Le palais du gouvernement de Guinée-Bissau (image d'illustration).
communiqué de presse

Des militaires, proches du nouveau Président, occupent les locaux de la radiotélévision nationale de la Guinée-Bissau depuis le 29 février. Reporters sans frontières (RSF) demande leur départ afin de permettre la reprise des programmes de ces deux médias.

Des militaires, proches du nouveau Président élu, occupent depuis le 29 février les locaux de la radiotélévision nationale de la Guinée-Bissau. Une action de représailles après le refus des deux médias de couvrir l'investiture du Président Umaro Sissoco Embalo.

La radio et la télévision ont dû cesser d'émettre et le personnel a été évacué. Les locaux sont maintenant fermés et occupés par des hommes armés.

"Nous demandons aux autorités bissau-guinéennes de veiller à la sécurité des journalistes et à la reprise des programmes de ces deux médias, déclare Assane Diagne, directeur du bureau Afrique de l'Ouest de RSF.

Nous sommes vivement préoccupés par cette situation qui remet en cause la continuité du service public de l'information. La place des militaires n'est pas dans les salles de rédaction ».

La Guinée-Bissau est secouée par une nouvelle crise depuis le deuxième tour de l'élection présidentielle du 29 décembre.

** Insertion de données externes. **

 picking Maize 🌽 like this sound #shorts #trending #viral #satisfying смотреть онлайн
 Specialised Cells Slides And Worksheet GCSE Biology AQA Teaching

L'ancien général Umaro Sissoco Embalo, avait été déclaré vainqueur par la Commission nationale électorale avec 53,55% des voix, contre 46,45% pour Domingos Simoes Pereira, Président du Parti africain pour l'indépendance de la Guinée et du Cap-Vert (PAIGC, majoritaire à l'Assemblée nationale).

L'opposition a dénoncé des fraudes et a saisi la Cour suprême. C'est dans ce contexte qu'Embalo s'est fait investir Président. Le camp du PAIGC a réagi en désignant un Président intérimaire.

La Guinée-Bissau occupe la 89e place sur 180 pays du Classement mondial de la liberté de la presse établi en 2019 par RSF.